The first micro instructions executed are located starting from address 0 in the micro instruction ROM, which is the FETCH function. It will load the next machine instruction from memory into the IR. After an instruction fetch, the next micro instruction to be executed resides at address 255. This instruction is special, as the control unit will now look up the function entry point of the micro function, which is located somewhere in the micro instruction ROM and execute the first instruction of that function next. The function entry points are stored in the function entry ROM and looked up based off the OpCode of the machine instruction that was just loaded in the IR. From there on the function will be executed and finally jump back to the FETCH function.

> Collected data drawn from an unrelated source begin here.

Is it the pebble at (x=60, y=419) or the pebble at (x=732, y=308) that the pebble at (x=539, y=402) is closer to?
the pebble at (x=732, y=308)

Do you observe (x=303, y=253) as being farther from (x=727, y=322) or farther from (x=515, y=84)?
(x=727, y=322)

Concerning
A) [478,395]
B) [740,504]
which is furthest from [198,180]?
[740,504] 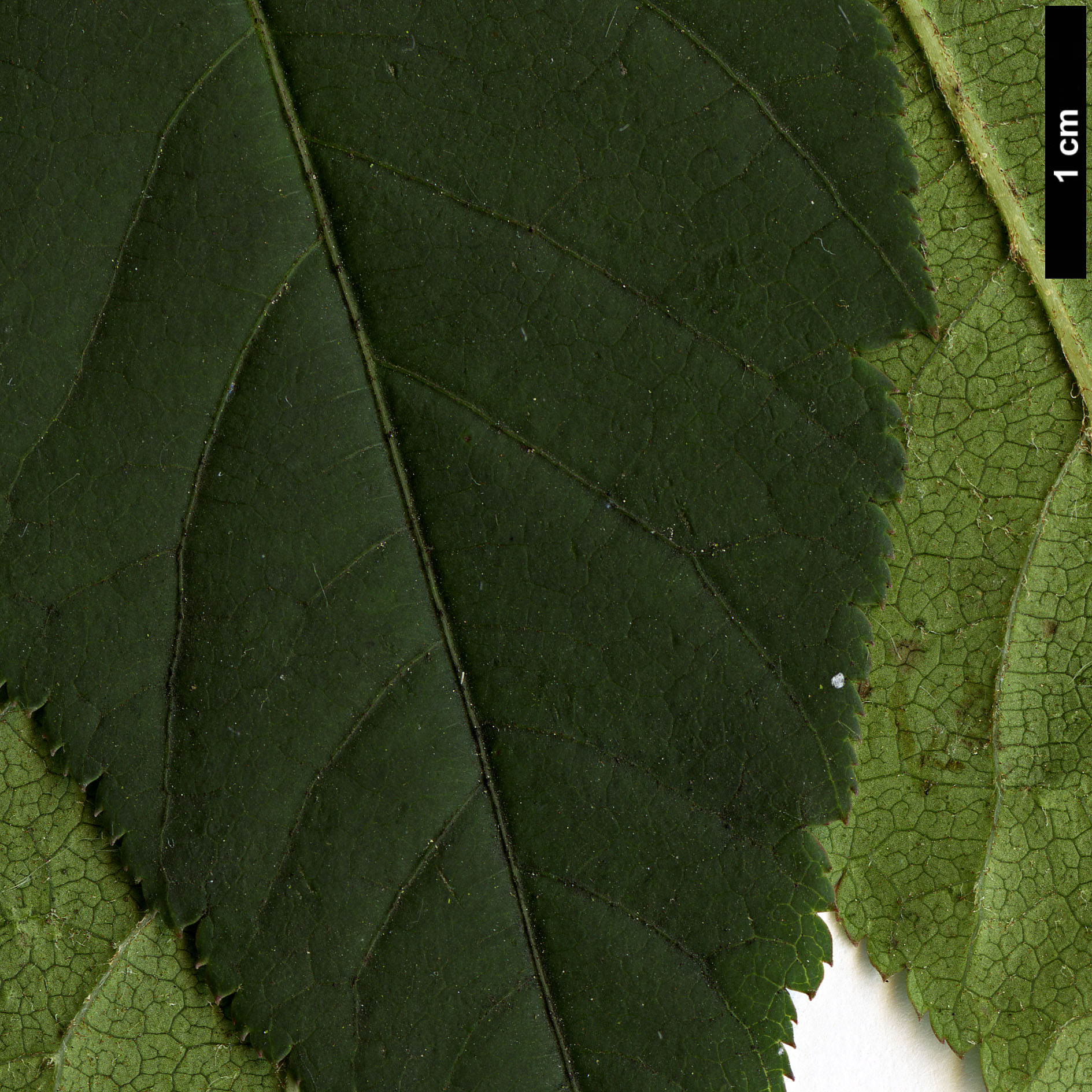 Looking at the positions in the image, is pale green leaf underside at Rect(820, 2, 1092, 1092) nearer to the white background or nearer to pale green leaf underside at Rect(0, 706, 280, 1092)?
the white background

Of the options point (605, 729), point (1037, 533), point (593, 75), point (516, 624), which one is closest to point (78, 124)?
point (593, 75)

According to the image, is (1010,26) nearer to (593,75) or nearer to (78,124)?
(593,75)

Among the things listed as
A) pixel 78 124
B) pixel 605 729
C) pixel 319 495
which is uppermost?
pixel 78 124

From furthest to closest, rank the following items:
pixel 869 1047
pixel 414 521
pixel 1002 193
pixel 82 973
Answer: pixel 869 1047 → pixel 1002 193 → pixel 82 973 → pixel 414 521

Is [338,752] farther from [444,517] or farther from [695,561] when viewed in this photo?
[695,561]

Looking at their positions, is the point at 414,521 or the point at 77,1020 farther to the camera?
the point at 77,1020

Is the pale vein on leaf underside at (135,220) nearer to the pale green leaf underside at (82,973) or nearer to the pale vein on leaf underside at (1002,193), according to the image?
the pale green leaf underside at (82,973)

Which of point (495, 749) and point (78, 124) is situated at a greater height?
point (78, 124)

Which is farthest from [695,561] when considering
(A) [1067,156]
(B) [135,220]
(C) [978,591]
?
(A) [1067,156] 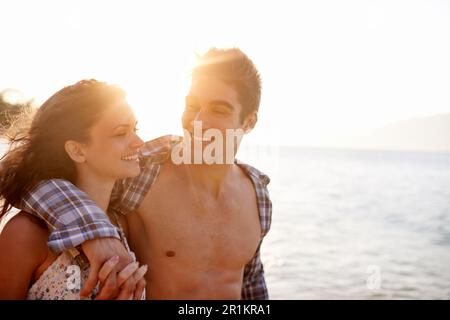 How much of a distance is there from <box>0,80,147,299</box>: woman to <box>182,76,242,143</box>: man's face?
77 centimetres

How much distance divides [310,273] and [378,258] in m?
2.92

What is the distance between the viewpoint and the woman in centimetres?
194

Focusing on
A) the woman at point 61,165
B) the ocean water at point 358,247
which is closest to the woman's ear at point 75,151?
the woman at point 61,165

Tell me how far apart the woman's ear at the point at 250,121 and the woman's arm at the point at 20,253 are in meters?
1.79

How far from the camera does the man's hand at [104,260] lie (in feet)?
5.83


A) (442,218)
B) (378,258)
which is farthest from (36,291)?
(442,218)

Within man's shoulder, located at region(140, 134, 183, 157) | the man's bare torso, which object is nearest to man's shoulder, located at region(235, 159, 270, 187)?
the man's bare torso

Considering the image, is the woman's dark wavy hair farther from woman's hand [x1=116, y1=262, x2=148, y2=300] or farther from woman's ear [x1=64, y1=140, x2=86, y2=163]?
woman's hand [x1=116, y1=262, x2=148, y2=300]

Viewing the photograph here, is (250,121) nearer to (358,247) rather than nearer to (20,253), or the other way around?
(20,253)

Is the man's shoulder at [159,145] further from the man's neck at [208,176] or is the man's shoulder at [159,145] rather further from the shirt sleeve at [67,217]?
A: the shirt sleeve at [67,217]

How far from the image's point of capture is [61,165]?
217 cm

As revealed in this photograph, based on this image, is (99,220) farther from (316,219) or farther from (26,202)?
(316,219)

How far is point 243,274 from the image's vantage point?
3209 millimetres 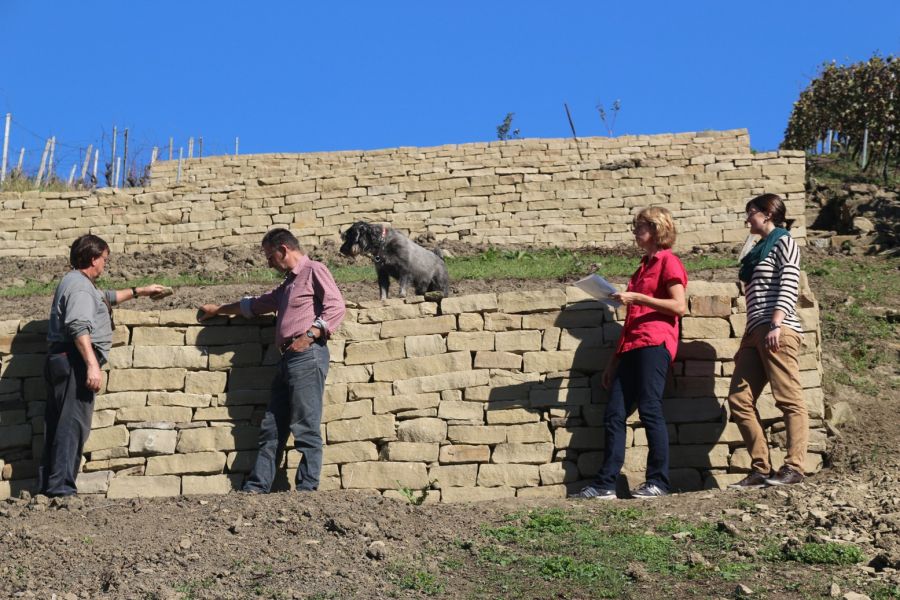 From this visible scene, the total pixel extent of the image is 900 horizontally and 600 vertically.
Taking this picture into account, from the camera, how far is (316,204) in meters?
16.1

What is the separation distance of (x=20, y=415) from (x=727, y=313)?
4.80 metres

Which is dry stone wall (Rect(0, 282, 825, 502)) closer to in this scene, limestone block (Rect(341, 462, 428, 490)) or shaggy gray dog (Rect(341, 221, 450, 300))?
limestone block (Rect(341, 462, 428, 490))

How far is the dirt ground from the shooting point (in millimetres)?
5375

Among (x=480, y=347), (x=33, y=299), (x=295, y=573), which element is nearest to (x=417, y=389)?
(x=480, y=347)

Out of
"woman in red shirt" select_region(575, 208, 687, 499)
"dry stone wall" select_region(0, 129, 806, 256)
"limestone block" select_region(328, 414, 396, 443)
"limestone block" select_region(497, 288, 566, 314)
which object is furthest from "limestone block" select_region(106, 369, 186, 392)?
"dry stone wall" select_region(0, 129, 806, 256)

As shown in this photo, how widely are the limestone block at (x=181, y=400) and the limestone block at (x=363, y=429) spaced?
0.88m

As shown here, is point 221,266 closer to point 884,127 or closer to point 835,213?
point 835,213

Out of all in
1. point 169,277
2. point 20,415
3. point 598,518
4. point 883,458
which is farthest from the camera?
point 169,277

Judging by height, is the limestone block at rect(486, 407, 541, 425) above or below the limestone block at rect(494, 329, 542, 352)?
below

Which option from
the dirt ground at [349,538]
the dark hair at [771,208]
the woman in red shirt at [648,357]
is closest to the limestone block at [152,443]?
the dirt ground at [349,538]

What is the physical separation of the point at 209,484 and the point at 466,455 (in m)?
1.68

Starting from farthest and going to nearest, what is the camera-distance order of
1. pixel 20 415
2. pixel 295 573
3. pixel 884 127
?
pixel 884 127
pixel 20 415
pixel 295 573

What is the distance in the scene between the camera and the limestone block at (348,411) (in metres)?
7.53

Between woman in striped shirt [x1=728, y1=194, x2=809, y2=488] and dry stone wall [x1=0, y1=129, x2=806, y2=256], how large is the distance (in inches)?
296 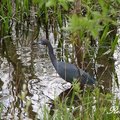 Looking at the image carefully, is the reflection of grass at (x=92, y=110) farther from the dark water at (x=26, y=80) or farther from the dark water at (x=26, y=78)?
the dark water at (x=26, y=80)

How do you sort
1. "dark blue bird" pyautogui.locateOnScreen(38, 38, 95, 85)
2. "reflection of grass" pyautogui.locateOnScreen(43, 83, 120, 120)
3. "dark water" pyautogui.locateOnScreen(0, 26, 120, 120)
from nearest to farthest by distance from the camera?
"reflection of grass" pyautogui.locateOnScreen(43, 83, 120, 120)
"dark water" pyautogui.locateOnScreen(0, 26, 120, 120)
"dark blue bird" pyautogui.locateOnScreen(38, 38, 95, 85)

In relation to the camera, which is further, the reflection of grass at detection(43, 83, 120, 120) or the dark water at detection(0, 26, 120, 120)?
the dark water at detection(0, 26, 120, 120)

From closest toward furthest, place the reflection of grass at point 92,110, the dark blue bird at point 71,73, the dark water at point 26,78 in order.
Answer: the reflection of grass at point 92,110 < the dark water at point 26,78 < the dark blue bird at point 71,73

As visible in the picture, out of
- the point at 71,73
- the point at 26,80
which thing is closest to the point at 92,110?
the point at 71,73

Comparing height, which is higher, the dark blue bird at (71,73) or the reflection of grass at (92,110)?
the dark blue bird at (71,73)

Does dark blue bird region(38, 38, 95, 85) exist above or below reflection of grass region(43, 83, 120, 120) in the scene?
above

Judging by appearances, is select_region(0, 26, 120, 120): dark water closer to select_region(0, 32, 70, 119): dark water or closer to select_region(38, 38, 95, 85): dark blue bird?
select_region(0, 32, 70, 119): dark water

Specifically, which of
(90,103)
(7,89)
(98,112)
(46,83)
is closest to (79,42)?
(46,83)

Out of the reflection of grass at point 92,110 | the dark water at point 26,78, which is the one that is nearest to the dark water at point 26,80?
the dark water at point 26,78

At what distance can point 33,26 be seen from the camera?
7539 mm

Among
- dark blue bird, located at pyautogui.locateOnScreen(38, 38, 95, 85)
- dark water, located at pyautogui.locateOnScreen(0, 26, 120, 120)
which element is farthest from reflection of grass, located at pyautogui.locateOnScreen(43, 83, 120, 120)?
dark blue bird, located at pyautogui.locateOnScreen(38, 38, 95, 85)

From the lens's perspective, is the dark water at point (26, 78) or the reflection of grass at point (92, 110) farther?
the dark water at point (26, 78)

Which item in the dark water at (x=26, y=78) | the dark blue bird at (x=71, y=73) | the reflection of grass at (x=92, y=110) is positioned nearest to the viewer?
the reflection of grass at (x=92, y=110)

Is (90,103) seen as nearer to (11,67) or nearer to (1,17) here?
(11,67) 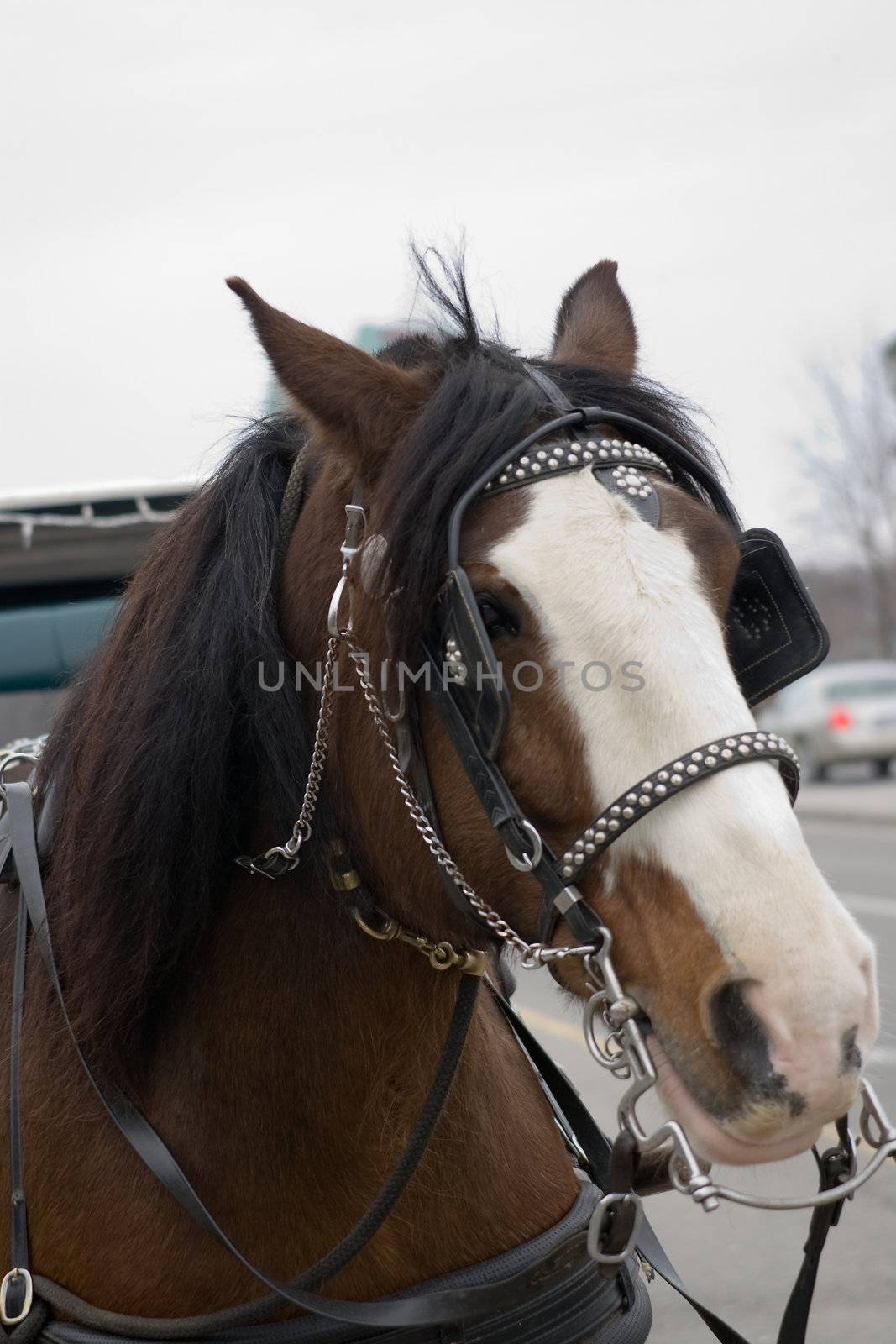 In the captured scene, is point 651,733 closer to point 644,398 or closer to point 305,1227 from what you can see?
point 644,398

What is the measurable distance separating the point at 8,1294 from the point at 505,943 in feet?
3.27

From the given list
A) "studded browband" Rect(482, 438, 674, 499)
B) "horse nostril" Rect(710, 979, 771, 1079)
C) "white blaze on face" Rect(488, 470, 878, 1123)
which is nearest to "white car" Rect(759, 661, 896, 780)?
"studded browband" Rect(482, 438, 674, 499)

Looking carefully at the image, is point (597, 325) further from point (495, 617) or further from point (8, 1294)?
point (8, 1294)

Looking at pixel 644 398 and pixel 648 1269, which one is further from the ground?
pixel 644 398

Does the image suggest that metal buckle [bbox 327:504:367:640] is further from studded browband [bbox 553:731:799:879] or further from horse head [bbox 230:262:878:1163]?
studded browband [bbox 553:731:799:879]

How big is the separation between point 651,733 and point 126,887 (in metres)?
0.94

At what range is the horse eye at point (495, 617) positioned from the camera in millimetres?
1743

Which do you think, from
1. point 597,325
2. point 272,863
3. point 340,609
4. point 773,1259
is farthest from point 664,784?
point 773,1259

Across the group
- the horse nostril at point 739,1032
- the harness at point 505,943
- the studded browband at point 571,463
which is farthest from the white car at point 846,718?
the horse nostril at point 739,1032

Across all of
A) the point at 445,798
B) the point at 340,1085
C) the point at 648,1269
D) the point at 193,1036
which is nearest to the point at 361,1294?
the point at 340,1085

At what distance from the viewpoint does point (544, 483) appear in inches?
71.6

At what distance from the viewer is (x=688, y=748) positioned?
5.19 ft

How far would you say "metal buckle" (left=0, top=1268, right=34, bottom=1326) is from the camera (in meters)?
2.04

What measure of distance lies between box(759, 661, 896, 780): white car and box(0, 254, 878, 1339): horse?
17.5 metres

The micro instructions are the instructions controlling which registers can write to the bus, read from the bus, control the ALU operations and send read or write requests to the memory. Each micro instruction also has a NEXT_ADDR field specifying the address of the next micro instruction to be executed. The micro instruction is a 28 bit wide vector where every bit has a specific function, as described below.
MICRO INSTRUCTION FORMAT:
Ar Aw X Y Z E Pr Pw Ir Iw Dr Dw S CCC R W RR NEXT_ADDR
x x x x x x x x x x x x x xxx x x 00 xxxxxxxx
- You might have noticed that the micro instruction contains two reserved bits, which are not used and thus not implemented or further explained.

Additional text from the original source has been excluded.